Provided data –
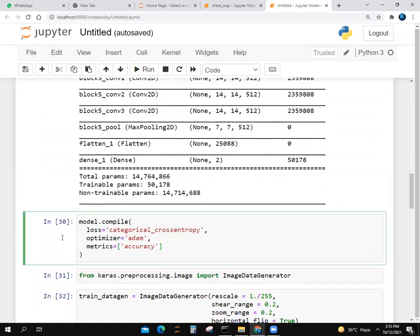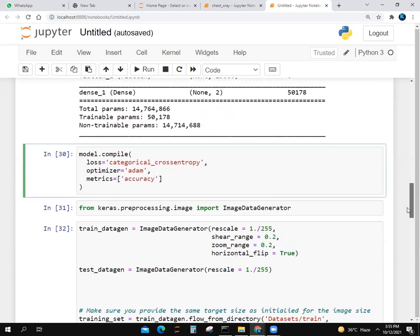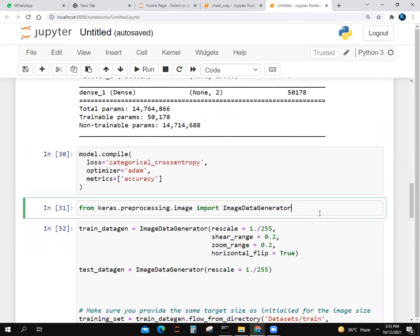We make a variable of model. We put model inputs as VGG.input and outputs as prediction. We compile our model by model.compile. Our loss was categorical crossentropy, our optimizer was Adam, and our metric was accuracy.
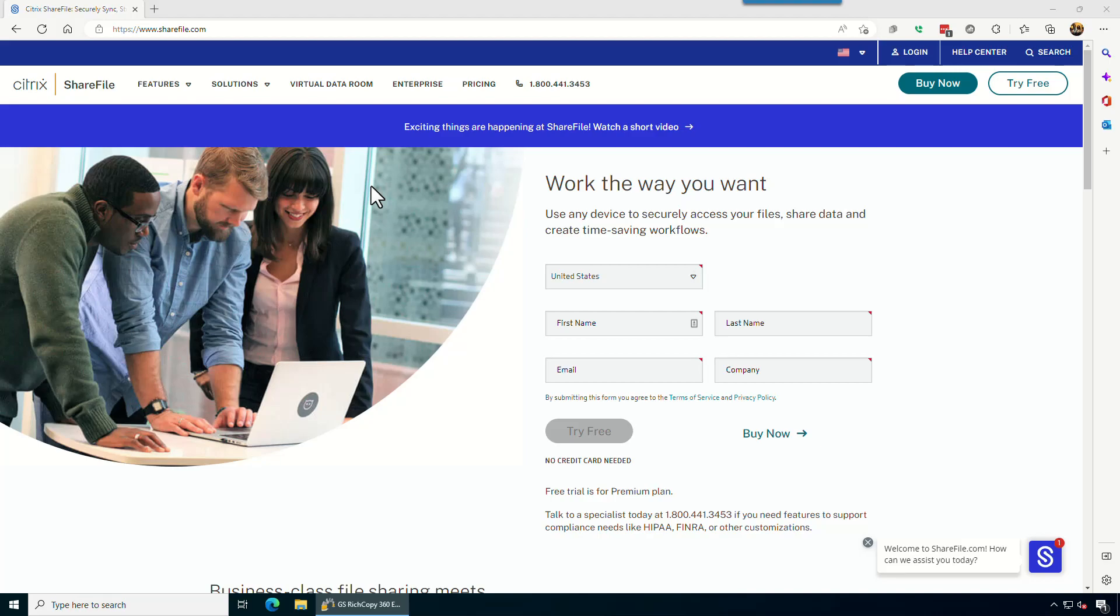Hello everyone, today we'll go over how to copy, migrate or backup files to ShareFile or from ShareFile using gs.cpy360 enterprise.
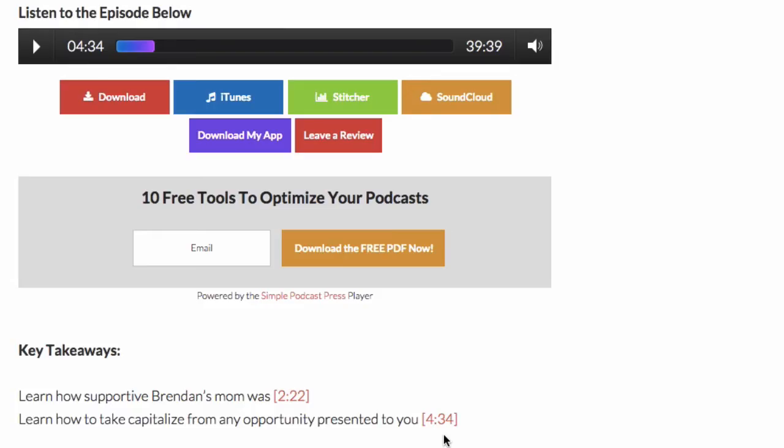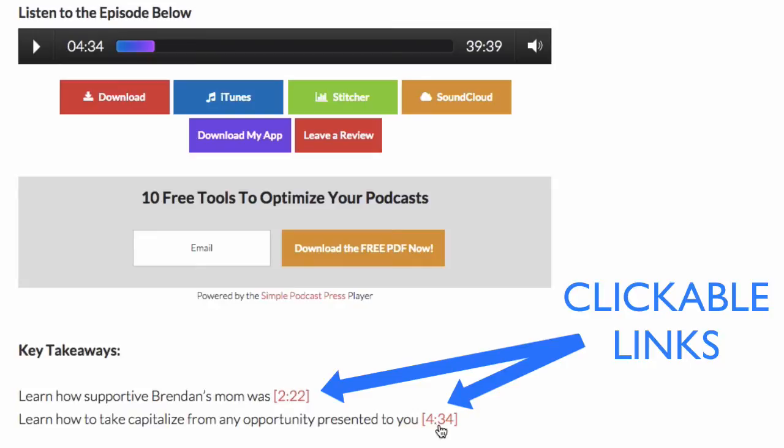We all know that our listeners can have a very short attention span. That's why we created this feature called Clickable Timestamps. It lets you click on a time inside your show notes and the audio player will jump directly to that section.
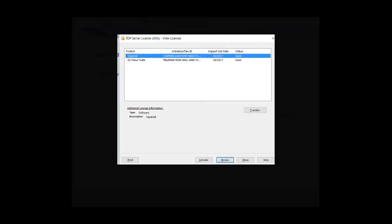We will get started by opening up the license utility. You'll see my product here listed. I'm going to select it and then click Transfer.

Task instructions –
Set down the material again exactly. Don't carry over any pictures.

Output of the task –
We make a variable of model. We put model inputs as VGG.input and outputs as prediction. We compile our model by model.compile. Our loss was categorical crossentropy, our optimizer was Adam, and our metric was accuracy.
Hello everyone, today we'll go over how to copy, migrate or backup files to ShareFile or from ShareFile using gs.cpy360 enterprise.
We all know that our listeners can have a very short attention span. That's why we created this feature called Clickable Timestamps. It lets you click on a time inside your show notes and the audio player will jump directly to that section.
We will get started by opening up the license utility. You'll see my product here listed. I'm going to select it and then click Transfer.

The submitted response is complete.